のろのろと台所仕事をしていたら、窓の外から「korei さん大丈夫?」と声が掛かりました。近所の御婦人です。
一昨日から持病(と言っても年に10回弱程度ですが)の頭痛に悩まされていた私は、昨日、この方に愚痴をこぼしたのでした。「若い頃は薬(デパス錠)を呑めば一晩で治っていたのに、齢を取ってからは2~3日も続いて」などと。

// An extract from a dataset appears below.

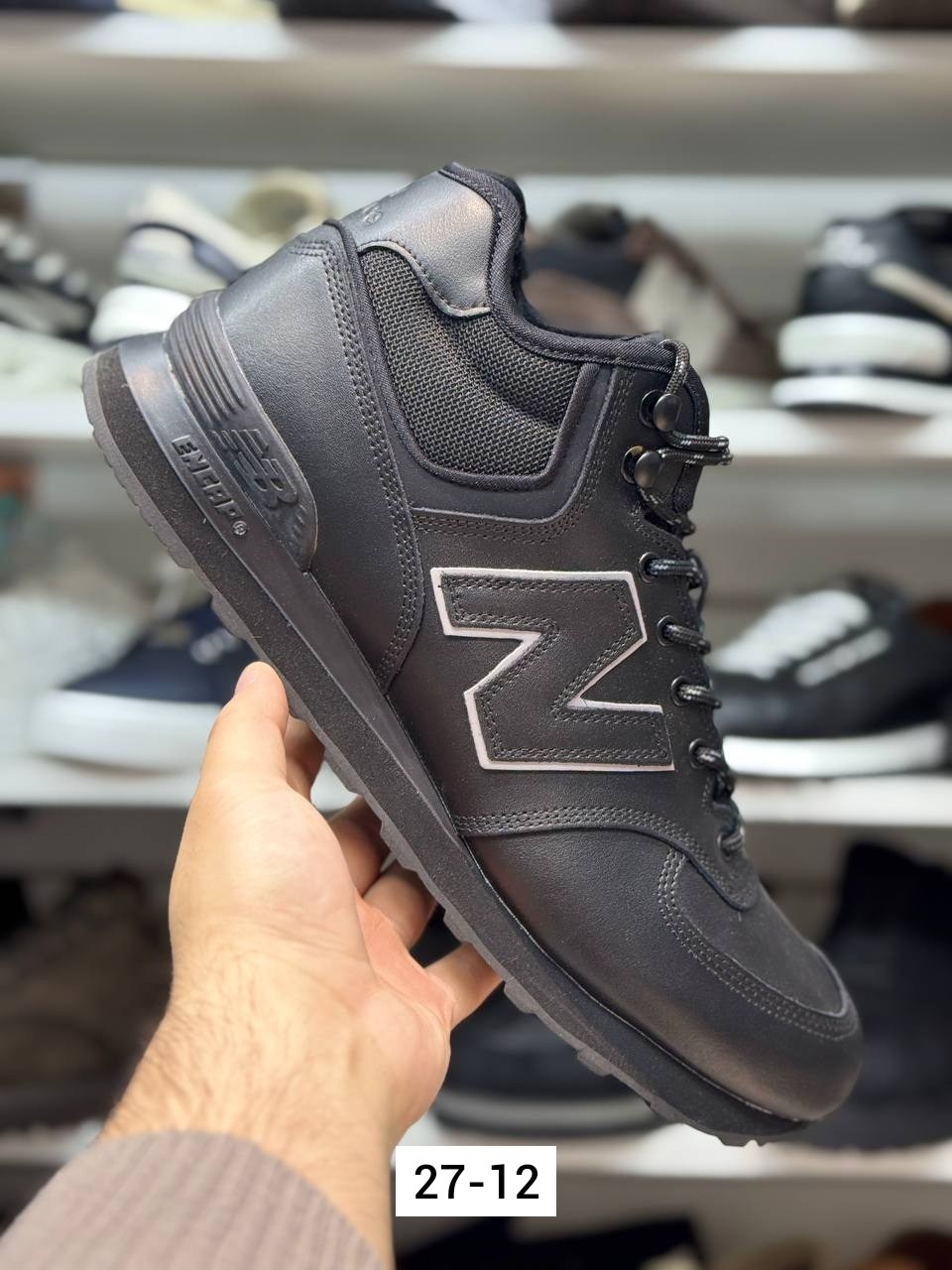 зимние кроссовки new balance,кроссовки new balance 574,кроссовки мужские new balance 574,зимние кроссовки new balance 574 черные,кроссовки зимние мужские new balance 574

三日目の今日、痛みはもう小さくなりましたが、蒸し暑さと薬の副作用もあってか、心身ともにボンヤリしていました。心配してもらって有難く、ついでに少しお喋りをしているうちに少し元気を回復しました。
この頭痛が持病となったのは、現役で勤めていたときです。私の勤務経歴の中で最も困難な仕事(関係機関の調整の類でした)に遭遇し、乏しい知力・行動力を精一杯使って、何とか乗り切ってからまもなく、頭痛なるものを初体験したのです。「緊張型」と言われる頭痛ですから、偏頭痛のような激痛ではないのですが、しばしば吐き気を伴い、実に不快で、日常生活に支障を来たします。
あの困難な仕事を乗り切ったとき、高揚した達成感・充実感があったのは事実でした。でも今思えば、その仕事とは、所詮は人間社会がたまたま作り上げた虚構の中の波風に過ぎなかったのではないか、と。この大地の片隅にうずくまって1本の草を抜き取るほどの実在感も無かったのではないか、と。